Since then, physical therapists have been able to bill for 95992 independently of any other codes. However, there has been some ongoing confusion about this as CMS initially assigned the code a bundled status because it believed that canalith repositioning would be paid through the evaluation and management (E/M) service that it would accompany. Because therapists do not bill E/M service codes, CMS subsequently issued guidance instructing therapists to bill using the 97112 code when providing canalith repositioning services. In the 2010 Physician Fee Schedule Final Rule, CMS changed the status of 95992 from bundled to "not recognized for payment under Medicare." Due to feedback from the provider community encouraging CMS to reconsider its decision, the agency changed the status of 95992 in CY 2011 once again to make it "active," allowing PTs to submit for payment for canalith repositioning using 95992. APTA has updated its Medicare physician fee schedule calculator to include CPT code 95992.

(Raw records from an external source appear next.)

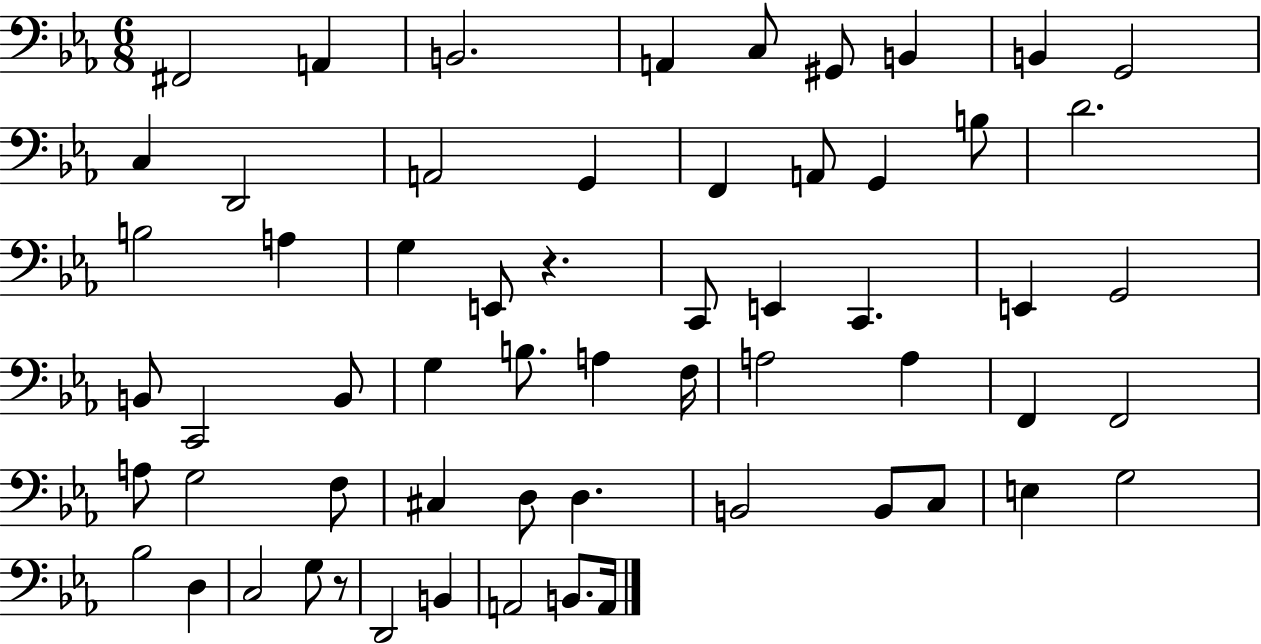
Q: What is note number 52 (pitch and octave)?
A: C3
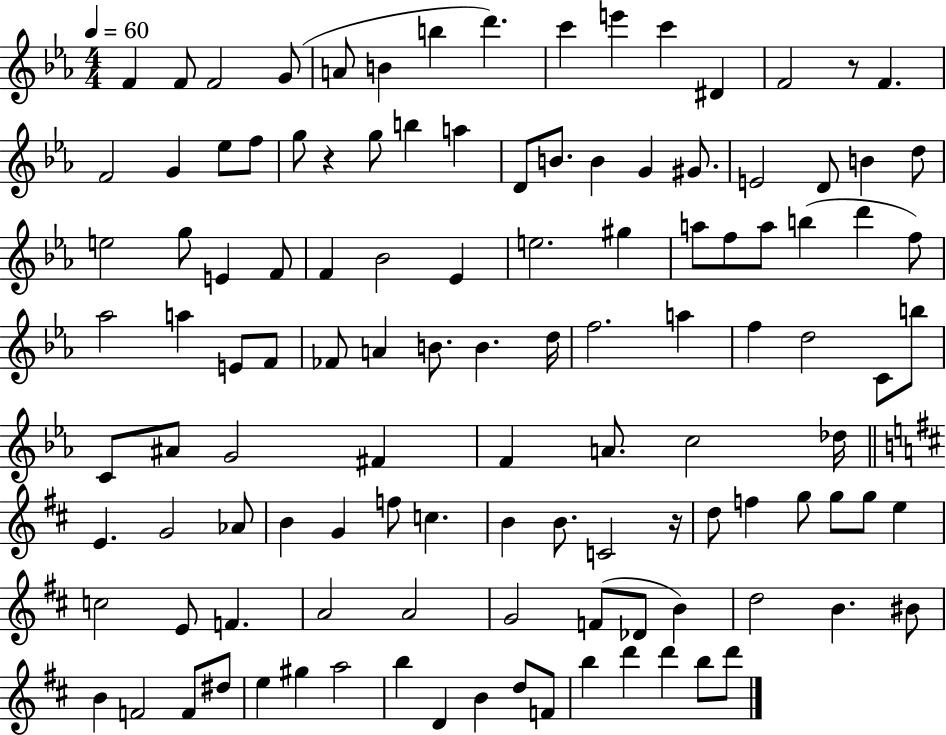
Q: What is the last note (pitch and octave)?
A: D6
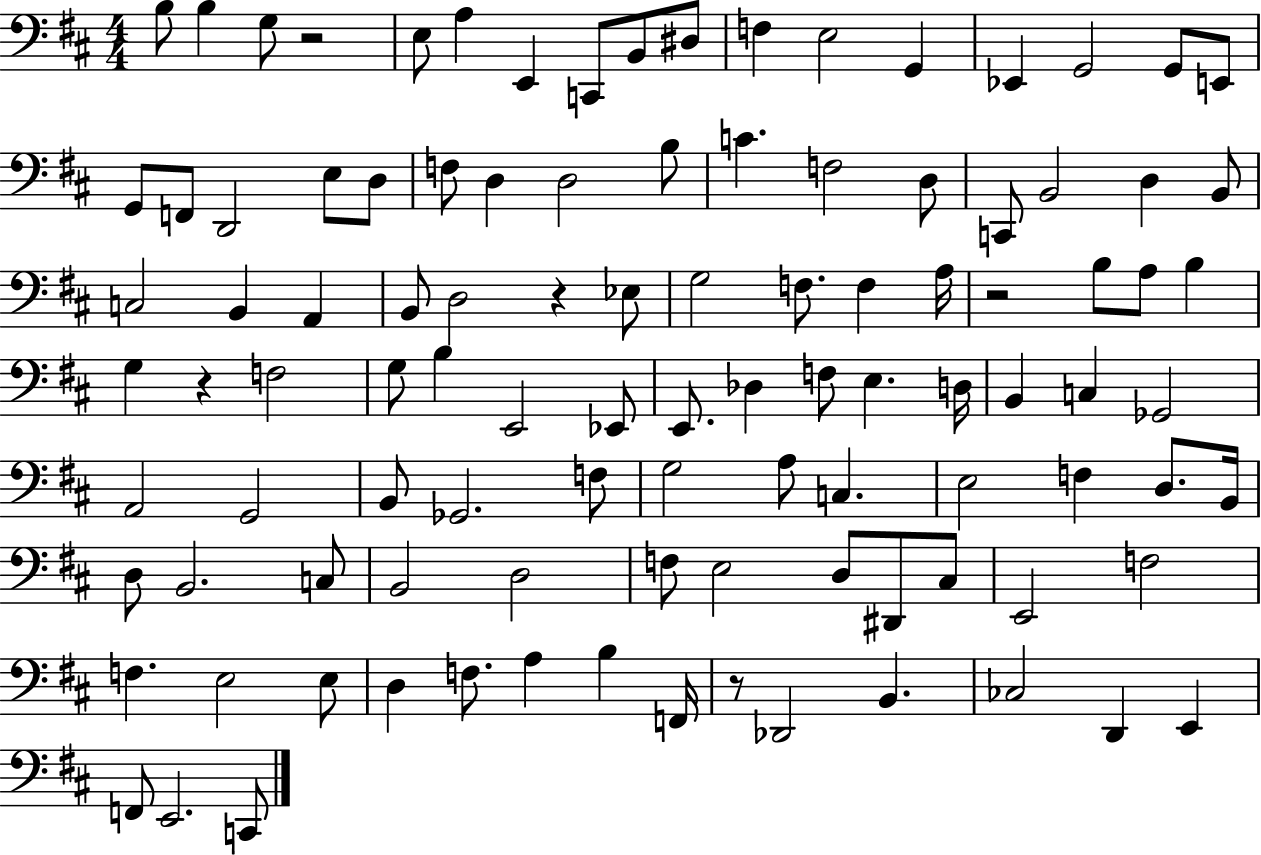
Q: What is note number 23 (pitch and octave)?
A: D3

Another common CPT code to use in conjunction with canalith repositioning would include neuromuscular re-education (97112), but not for the actual repositioning procedure. Instead, 97112 should be utilized when completing treatment with the intent to treat ongoing balance and vestibular deficits related to the BPPV and after the repositioning procedure was done. For instance, gaze stabilization exercises and balance exercises will go a long way to improve a patient’s stability beyond the canalith repositioning to focus on vestibular function and fall prevention. Furthermore, you can complete additional training for self-care/home management training (975735) on the management of BPPV, any guidelines to follow post-treatment, and what the patient should expect to feel after the canalith repositioning procedure. 

When Addressing Ongoing Concerns

In our annual billing webinar with Heidi Jannenga, Co-Founder and Chief Clinical Officer of WebPT, and John Wallace, PT, MS, Senior Vice President of Member Value at WebPT, one viewer expressed frustration and concern over the ongoing discrepancy over whether or not the canalith repositioning code 95992 could be billed by itself. In response, Wallace stated, “Canalith repositioning can be billed by itself unless the payer has a medical policy stating otherwise — which is very rare.” 

If you or another rehab therapist is having issues with the canalith repositioning code—or any other CPT code for that matter—from a specific insurance payer, the best course of action is to directly contact that payer and express your concerns citing the aforementioned final rule changes. And if you continue to run into roadblocks, I would quote the compliance guru, Rick Gawenda, PT, President of Gawenda Seminars who in our most recent webinar on the final rule said, “Appeal, appeal, appeal.” If you have a legitimate concern—and the medical record reflects it—you should always appeal and advocate for fair payment from insurance payers.